Robert Samuelson of the Washington Post devotes his latest column to clearing up the latest of Paul Krugman’s economic errors.

It’s important to get history right — and economist and New York Times columnist Paul Krugman has got it maddeningly wrong.

Krugman recently wrote a column arguing that the decline of double-digit inflation in the 1980s was the decade’s big economic event, not the cuts in tax rates usually touted by conservatives. Actually, I agree with Krugman on this. But then he asserted that Ronald Reagan had almost nothing to do with it. That’s historically incorrect. Reagan was crucial.

In nearly four decades of column-writing, I can’t recall ever devoting an entire column to rebutting someone else’s. If there were instances, they’re long forgotten. But Krugman’s error is so glaring that it justifies an exception. It’s also a subject about which I know something, having written a book on it: “The Great Inflation and Its Aftermath: The Past and Future of American Affluence.” This column draws from that book. …

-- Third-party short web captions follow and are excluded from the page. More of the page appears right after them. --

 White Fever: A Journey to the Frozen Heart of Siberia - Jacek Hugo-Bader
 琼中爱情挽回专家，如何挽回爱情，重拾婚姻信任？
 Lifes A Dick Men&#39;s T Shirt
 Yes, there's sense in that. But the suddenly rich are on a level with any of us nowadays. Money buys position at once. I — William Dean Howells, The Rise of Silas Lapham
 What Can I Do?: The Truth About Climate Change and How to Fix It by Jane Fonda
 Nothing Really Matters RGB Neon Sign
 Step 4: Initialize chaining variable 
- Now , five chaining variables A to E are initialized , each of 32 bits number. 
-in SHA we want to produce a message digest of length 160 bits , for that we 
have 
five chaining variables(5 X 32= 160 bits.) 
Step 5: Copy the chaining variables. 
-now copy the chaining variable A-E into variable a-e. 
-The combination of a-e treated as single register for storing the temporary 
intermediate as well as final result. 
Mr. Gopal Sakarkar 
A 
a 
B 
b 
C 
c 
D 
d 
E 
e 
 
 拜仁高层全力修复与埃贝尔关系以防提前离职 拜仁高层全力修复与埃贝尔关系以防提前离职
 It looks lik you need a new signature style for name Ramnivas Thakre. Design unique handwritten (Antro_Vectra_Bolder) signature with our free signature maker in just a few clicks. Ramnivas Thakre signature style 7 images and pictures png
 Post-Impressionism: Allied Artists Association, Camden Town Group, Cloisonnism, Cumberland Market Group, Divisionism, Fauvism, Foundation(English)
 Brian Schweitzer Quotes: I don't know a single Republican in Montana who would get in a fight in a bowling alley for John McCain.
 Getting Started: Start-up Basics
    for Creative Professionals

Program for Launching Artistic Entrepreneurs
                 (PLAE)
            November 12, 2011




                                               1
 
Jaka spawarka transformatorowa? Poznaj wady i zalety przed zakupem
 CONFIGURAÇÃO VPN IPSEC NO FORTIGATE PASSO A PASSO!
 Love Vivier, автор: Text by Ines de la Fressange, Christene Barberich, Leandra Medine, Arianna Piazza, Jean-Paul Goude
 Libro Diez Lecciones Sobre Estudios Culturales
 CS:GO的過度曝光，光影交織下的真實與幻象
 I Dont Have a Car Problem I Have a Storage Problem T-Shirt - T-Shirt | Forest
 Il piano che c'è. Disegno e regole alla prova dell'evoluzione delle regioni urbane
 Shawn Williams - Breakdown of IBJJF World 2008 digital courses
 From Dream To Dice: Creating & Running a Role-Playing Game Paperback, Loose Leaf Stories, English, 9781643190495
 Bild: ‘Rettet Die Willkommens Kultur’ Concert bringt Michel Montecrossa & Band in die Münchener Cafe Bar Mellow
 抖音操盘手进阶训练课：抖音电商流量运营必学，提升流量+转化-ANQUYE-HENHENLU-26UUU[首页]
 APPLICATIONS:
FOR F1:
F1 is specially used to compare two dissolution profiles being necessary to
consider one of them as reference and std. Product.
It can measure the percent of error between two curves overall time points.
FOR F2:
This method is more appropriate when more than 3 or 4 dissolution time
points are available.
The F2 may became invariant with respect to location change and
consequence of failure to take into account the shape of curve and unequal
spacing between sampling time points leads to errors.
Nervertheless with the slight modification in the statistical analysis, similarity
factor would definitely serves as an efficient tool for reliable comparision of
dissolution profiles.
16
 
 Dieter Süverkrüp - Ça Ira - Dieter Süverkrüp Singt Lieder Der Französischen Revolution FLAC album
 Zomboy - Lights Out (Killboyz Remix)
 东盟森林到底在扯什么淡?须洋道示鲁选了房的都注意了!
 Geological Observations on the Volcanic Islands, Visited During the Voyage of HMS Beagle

… Krugman’s story is simple. The Fed is “largely independent of the political process” and, under chairman Paul Volcker, “was determined to bring inflation down,” he wrote. “It tightened policy, sending interest rates sky high, with mortgage rates going above 18 percent.” The result was “a severe recession that drove unemployment to double-digits but also broke the wage-price spiral.”

Indeed. By 1982, the gain in consumer prices had dropped to 3.8 percent. Volcker crushed inflation.

Story over? Not really.

What Reagan provided was political protection. The Fed’s previous failures to stifle inflation reflected its unwillingness to maintain tight-money policies long enough to purge inflationary psychology. Successive presidents preferred a different approach: the wage-price policies built on the pleasing (but unrealistic) premise that these could quell inflation without jeopardizing full employment.

Reagan rejected this futile path. As the gruesome social costs of Volcker’s policies mounted — the monthly unemployment rate would ultimately rise to a post-World War II high of 10.8 percent — Reagan’s approval ratings plunged. In May of 1981, they were 68 percent; by January 1983, 35 percent.

Still, he supported the Fed. “I have met with Chairman Volcker several times during the past year,” he said in early 1982. “I have confidence in the announced policies of the Federal Reserve.”

This patience enabled Volcker to succeed, though it took about two years of tight money. It’s doubtful that any other plausible presidential candidate, Republican or Democrat, would have been so forbearing.